O Vale Cultura: divisor de águas na política cultural do Brasil

“Se me fosse possível escolher as canções e melodias de um povo, eu não me preocuparia tanto com seus legisladores” – Platão

A relação entre o objeto cultural e o corpo político-social existe desde Platão, que defendia a escrita como meio de disseminação autônoma do conhecimento, da cultura e do exercício da cidadania. Platão argumentava com a elite da época, representada nos poetas homéricos que favoreciam a “transferência falada” do conhecimento, que a escrita era um instrumento capaz de produzir a democratização do conhecimento e a ampliação da cultura.

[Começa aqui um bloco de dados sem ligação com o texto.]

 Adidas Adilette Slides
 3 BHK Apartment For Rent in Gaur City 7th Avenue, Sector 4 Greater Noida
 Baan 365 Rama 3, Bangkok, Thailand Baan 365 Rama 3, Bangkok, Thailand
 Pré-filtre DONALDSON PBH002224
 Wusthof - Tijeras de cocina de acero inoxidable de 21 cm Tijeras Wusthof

A propósito, foi também por essa razão que mais tarde, no começo do século 14, Dante Alighieri escolheu usar a linguagem popular quando escreveu a Divina Comédia, rejeitando o pensamento reacionário da época.

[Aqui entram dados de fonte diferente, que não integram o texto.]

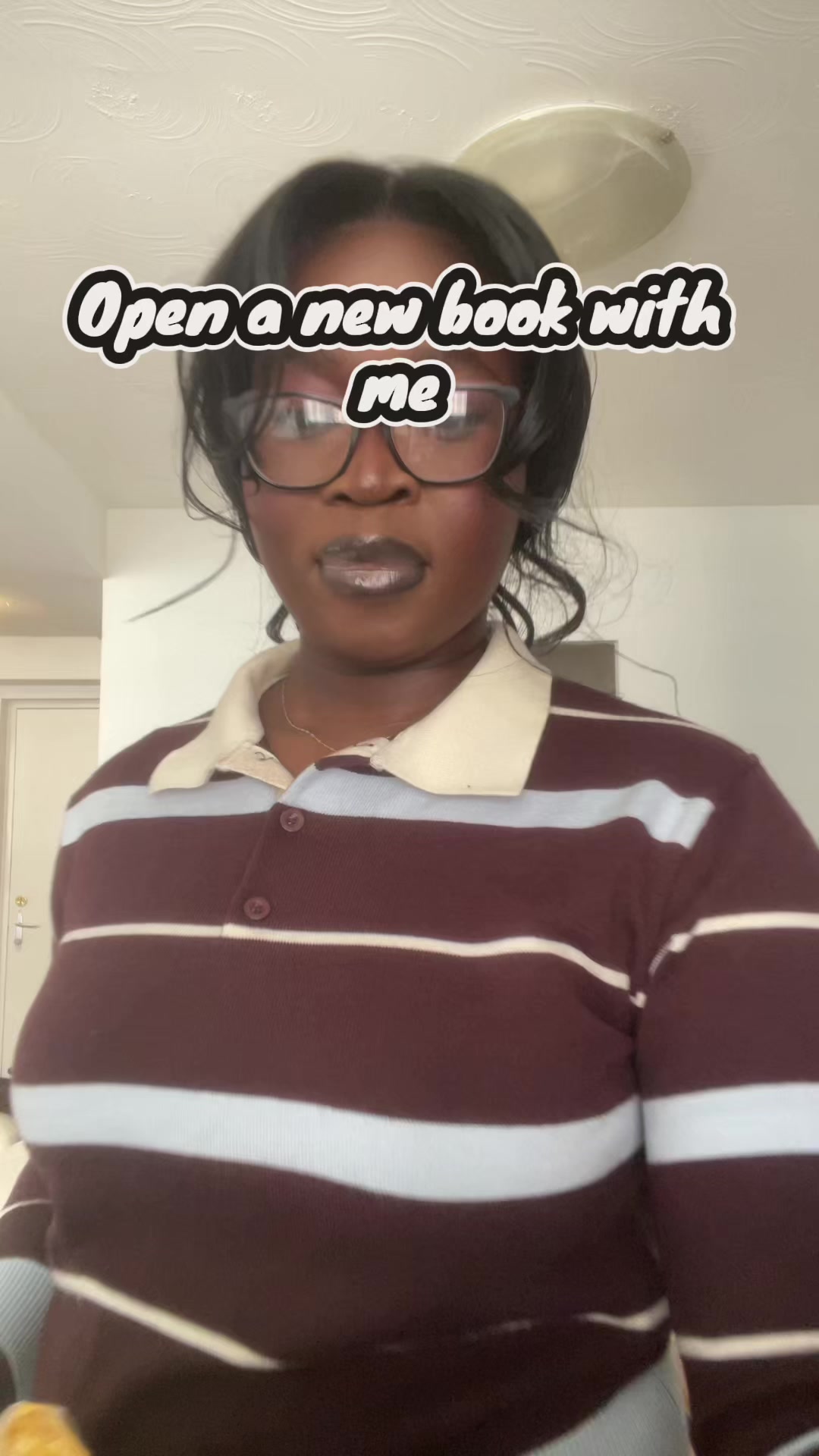 @Ayoereview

Muitas gerações passaram desde Platão e as culturas do planeta se ampliaram por todos os cantos, constituindo novos centros de conhecimento e de cultura a partir da escrita e outras formas de historiar, renovando as instituições mantenedoras de legado histórico que acabaram por moldar a dinâmica de todo um processo de estruturação social moderna, passando pela ocidentalização do mundo a partir do mercantilismo europeu; passando pela Reforma e por várias revoluções políticas e econômicas nos dois hemisférios.

O resultado disso é que hoje, no século 21, a gente tem um mosaico de culturas na Terra que, de tão diverso, chega a ser uma galáxia dentro de um planeta – um planeta com quase sete bilhões de pessoas querendo participar dos processos sociais.

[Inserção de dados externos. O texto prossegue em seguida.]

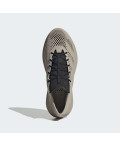 Кросівки CLIMACOOL LACED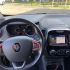 Captur PV 574 X 05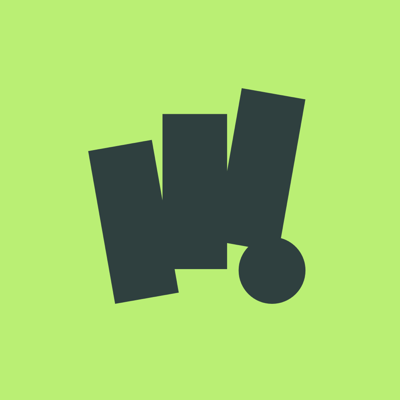 gestalter@mstdn.social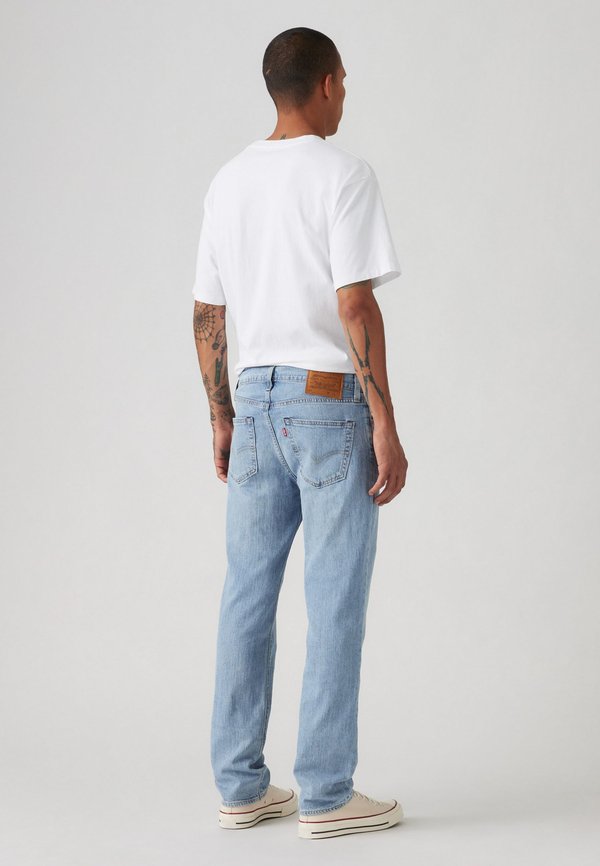 Levi's® 511® SLIM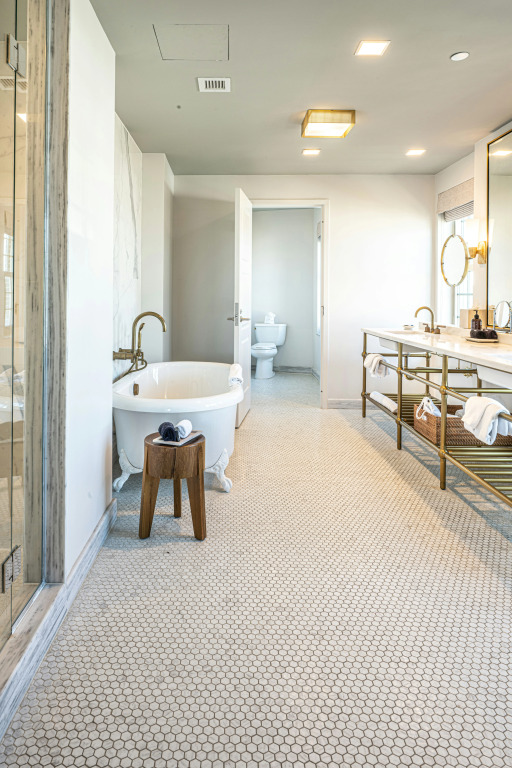 The Alida, Savannah, a Tribute Portfolio Hotel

A diversidade cultural tem historicamente alimentado as tendências democráticas dos países e, mais recentemente, essa diversidade estabeleceu uma forte reciprocidade com as novas ferramentas de comunicação que operam em rede, hoje adotadas por quase dois bilhões de pessoas no mundo.

É nesse contexto que a diversidade inerente ao povo e à cultura brasileira apresenta uma oportunidade singular de avanço, já que os instrumentos atuais de consumo e produção cultural convergem com os meios de comunicação e as redes distributivas em uma frente única, com o poder de subsidiar a reconfiguração social e política em grande escala. A tese é que um novo sistema de valores regendo a sociedade se torna possível a partir dos novos métodos de produção cultural.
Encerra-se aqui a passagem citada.